White House urges court to reconsider cross-state pollution rule
Written byLAWRENCE HURLEY & JEREMY P. JACOBS, E&E
The Obama administration today asked a federal appeals court to reconsider its decision to throw out a rule aimed at regulating harmful air emissions that cross state lines.
The move was not unexpected. In August, a three-judge panel of the U.S. Court of Appeals for the District of Columbia Circuit was divided 2-1 over whether the Cross State Air Pollution Rule -- known as CSAPR -- passed legal muster (Greenwire, Aug. 21).
The court left in place the Clean Air Interstate Rule, which the same court ruled in 2008 doesn't do enough to protect public health.
The Justice Department today filed a petition asking the court's eight active judges to rehear the case, a process known as rehearing en banc. The court rarely rehears cases, but it is more likely to do so when there was a judge who dissented from the panel decision. EPA needs five of the eight judges to agree to rehearing for it to happen.

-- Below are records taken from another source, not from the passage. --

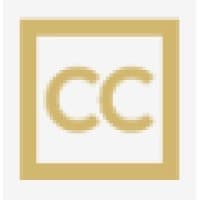 Ciruela Chabacano logo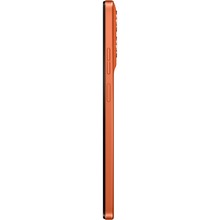 Смартфон MOTOROLA G06 4/64GB Dual Sim Arabesque (PBA20003UA)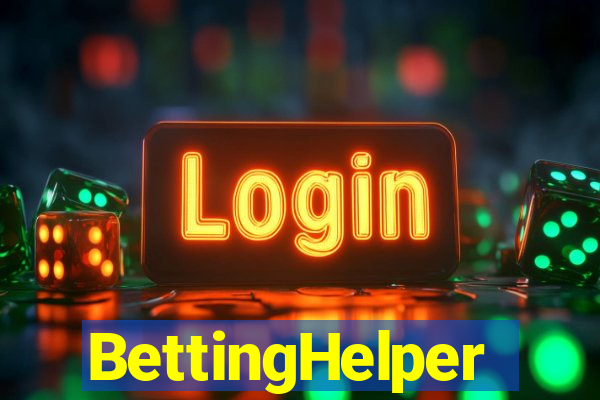 BettingHelper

In the majority opinion, Judge Brett Kavanaugh said CSAPR couldn't stand because EPA had overstepped its authority by requiring larger reductions in emissions than were allowed under the Clean Air Act, which calls for states to halt emissions that "contribute significantly" to the ability of other states to be in compliance with air quality standards. He said EPA could require states to reduce emissions only by the amount that caused the neighboring state to be out of compliance.
The court also held that EPA did not have authority to issue federal implementation plans, or FIPs, without first allowing states to develop their own plans.
In dissent, Judge Judith Rogers accused the majority of "trampling" on the court's Clean Air Act jurisprudence.
In today's petition, Justice Department lawyers seized on Rogers' words.
On the FIP issue, the government maintains the court shouldn't have answered that question because it wasn't properly before the court. The various challengers -- states and industry groups -- should have challenged the FIP-related decisions at an earlier stage, the Justice Department lawyers wrote.
As for EPA's authority over the extent to which it could order reductions, the administration says the court had adopted its own interpretation of an ambiguous phrase in the statute, "thereby effectively dictating its own policy approach."
The ruling "upends the appropriate relationship of the judicial, legislative, and executive branches of government by rewriting clear legislation, ignoring explicit statutory jurisdictional limits, and stepping into the realm of matters reserved by Congress and the courts to the technical expertise of administrative agencies," the DOJ lawyers wrote.
Environmental lawyers welcomed the move.
Sean Donahue, who represents the Environmental Defense Fund, said the petition's arguments are "anchored in the plain terms of the statute, the court's own case law and the imperative to enforce the 'good neighbor' protections under the nation's clean air laws."
Rogers' dissenting opinion made it clear the majority "ran roughshod over basic jurisdictional requirements and left millions of Americans unprotected from harmful upwind air pollution," he added.
On the industry side, Jeff Holmstead, a partner at Bracewell & Giuliani, suggested EPA's "chances of winning are very slim" but said the agency had to seek further review because "they would look pretty weak if they just accepted defeat."